- DATA SECTION:
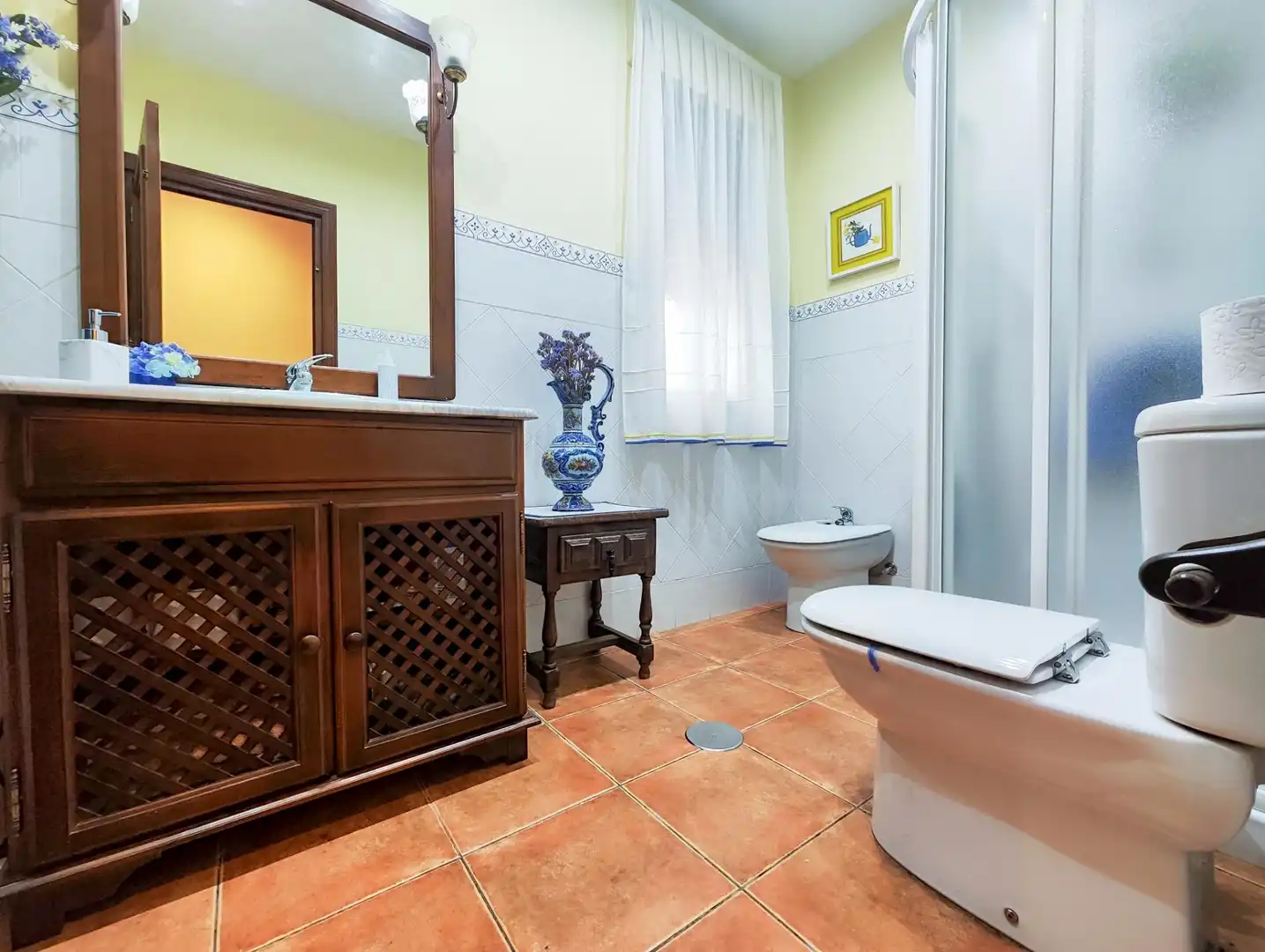 Bathroom of Houses for sale in Puertollano  with Air Conditioner, Heating and Private garden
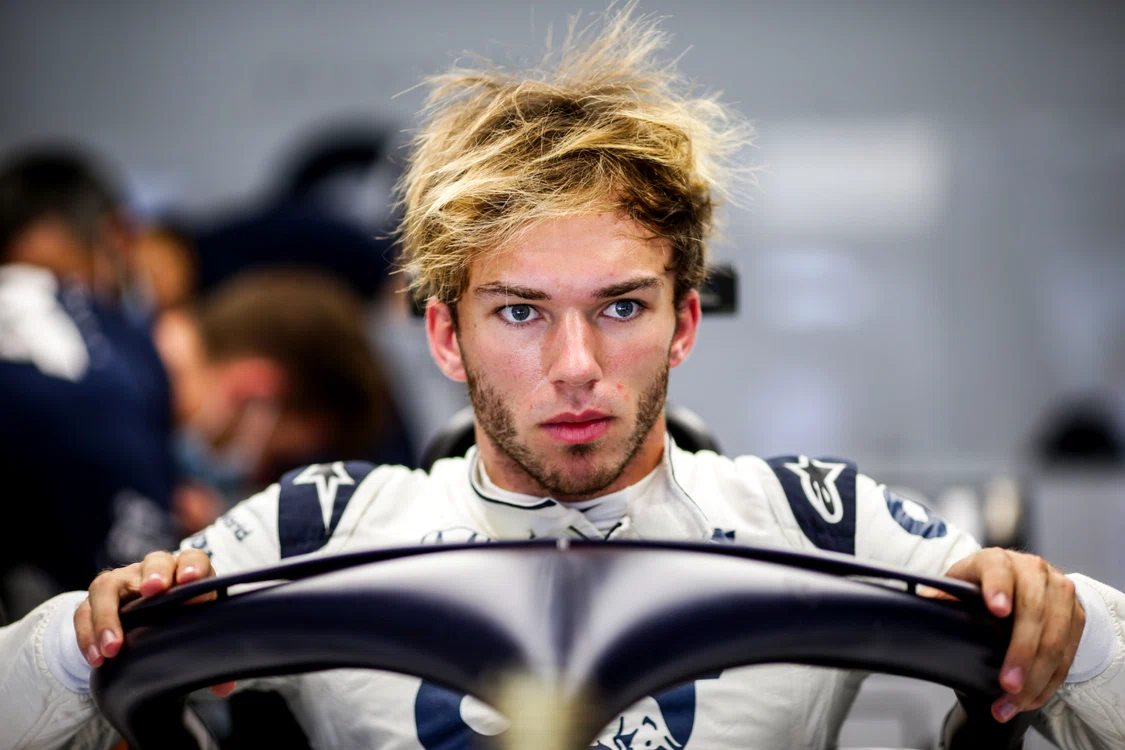 
    Pierre Gasly a terminat în puncte trei curse de Formula 1 din acest anFoto: Guliver / GettyImages  
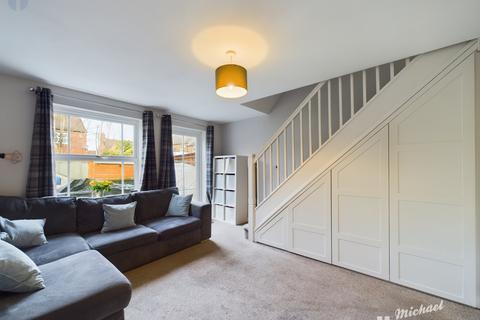 2 bedroom semi-detached house for sale, Highgate Mews, Fairford Leys, Aylesbury, Buckinghamshire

- TASK ITEM: Retype all of the data above word for word, excluding the pictures.

- THE COMPLETED TASK:
 Bathroom of Houses for sale in Puertollano  with Air Conditioner, Heating and Private garden
    Pierre Gasly a terminat în puncte trei curse de Formula 1 din acest anFoto: Guliver / GettyImages  
 2 bedroom semi-detached house for sale, Highgate Mews, Fairford Leys, Aylesbury, Buckinghamshire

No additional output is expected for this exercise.